Or how to succeed without really trying with a world class camera system!
Today was gallery day for me. I really wanted to go out and shoot but decided that I needed to sit and be open. So… I dug out my high speed water drop kit and setup on my work table and decided that today I would test out my Fuji X Pro 1 and my Olympus OMD for water drops. This then is the X Pro 1 post!
First, I can hear you asking, “How can you possibly use the X Pro 1 for water drops?”, well the answer is both frightening and simple at the same time! I do several types of photography where the camera in use must have an electronic shutter release so that I can hook the camera up to a remote controller, like a Lightning Trigger or a Time Machine for water drops. But water drops really do not need to be triggered by the Time Machine since the exposure is about a second long to enable the machine to trigger the timed water drops generated for the collision, the size of the drops, the distance between them, the shutter release and lastly the strobes! This is all done in the following order:
- User pushes fire button.
- Camera opens the shutter for around 1 second.

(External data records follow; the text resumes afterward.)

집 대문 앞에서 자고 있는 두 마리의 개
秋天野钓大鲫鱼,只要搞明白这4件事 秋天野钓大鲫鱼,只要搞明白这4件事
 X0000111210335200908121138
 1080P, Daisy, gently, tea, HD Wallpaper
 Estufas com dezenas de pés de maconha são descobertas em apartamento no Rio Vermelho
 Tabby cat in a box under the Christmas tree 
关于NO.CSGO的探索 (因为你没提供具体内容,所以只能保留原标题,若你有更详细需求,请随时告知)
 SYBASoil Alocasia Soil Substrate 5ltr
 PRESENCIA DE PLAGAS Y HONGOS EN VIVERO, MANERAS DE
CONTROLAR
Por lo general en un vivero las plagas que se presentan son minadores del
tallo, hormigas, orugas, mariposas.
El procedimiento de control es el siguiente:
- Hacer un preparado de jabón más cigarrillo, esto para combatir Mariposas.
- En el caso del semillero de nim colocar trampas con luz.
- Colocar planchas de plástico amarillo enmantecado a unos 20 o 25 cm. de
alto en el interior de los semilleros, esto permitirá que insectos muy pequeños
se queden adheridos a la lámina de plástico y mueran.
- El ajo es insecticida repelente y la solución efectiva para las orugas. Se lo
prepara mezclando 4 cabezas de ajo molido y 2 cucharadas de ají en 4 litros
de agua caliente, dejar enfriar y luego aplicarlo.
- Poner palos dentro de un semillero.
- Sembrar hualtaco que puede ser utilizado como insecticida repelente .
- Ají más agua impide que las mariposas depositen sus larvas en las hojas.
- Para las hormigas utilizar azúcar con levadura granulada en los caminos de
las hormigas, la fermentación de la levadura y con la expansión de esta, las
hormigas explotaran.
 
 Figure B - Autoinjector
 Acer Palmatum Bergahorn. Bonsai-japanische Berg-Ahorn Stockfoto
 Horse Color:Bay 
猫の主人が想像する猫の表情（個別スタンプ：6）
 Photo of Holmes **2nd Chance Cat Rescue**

- Time machine drops the first drop at XXX size.
- Time machine Drops the second drop at XXX size.
- Time Machine waits a programmed delay.
- Time Machine fires two external Canon 580 EX2 strobes set at 1/64 power.
Thats it! So, while sitting there taking about 600 OMD images of water drops and cursing the fact that the only macro lens I currently have is the 12mm to 50mm macro, I asked myself: “Hey Mark! Why dont you get out the X Pro 1 and put on the 60mm macro and set it up for water drops and simply push your mechanical shutter release at the same time you push the Time Machines fire button?”. WOW, I was amazed by the simplicity of this thought and immediately got out the X and setup! The rest is history!
Now, I do have to tell you that I encountered a MAJOR issue with the Fuji 60mm Macro. Since this technique uses multiple flashes to light and freeze the water drops, I discovered that the lens is VERY PRONE to LENS FLAIR! ANY light that makes it into the objective from ANY angle reguardless of the placement of the flashes, even room lights will cause a flair in the direct center of the image EACH AND EVERY TIME! This was VERY FRUSTRATING and took about an hour to overcome with CAREFUL flash placement, darkening of the room and shading the back of the camera to keep stray light from even coming into the gallery windows in the front! I have to tell you that this was a major pain in the butt! I can see another lens in my future to shoot macro with. I even tried my CV 75mm f/1.8 but couldnt get close enough to the water drop to get a full frame image with a Canon 500d attached. So as you can see, the first 3 images were taken with the Fuji 35mm with a Canon 500D +2 diopter filter attached. Even so this is as close as I could get. The last image is with the 60mm macro.
Any suggestions for other macro lenses out there??
Please let me know what you think! The lens aside, you can see that the camera worked great for the images and I will be using it for this again provided that I find a more macro/flash friendly lens!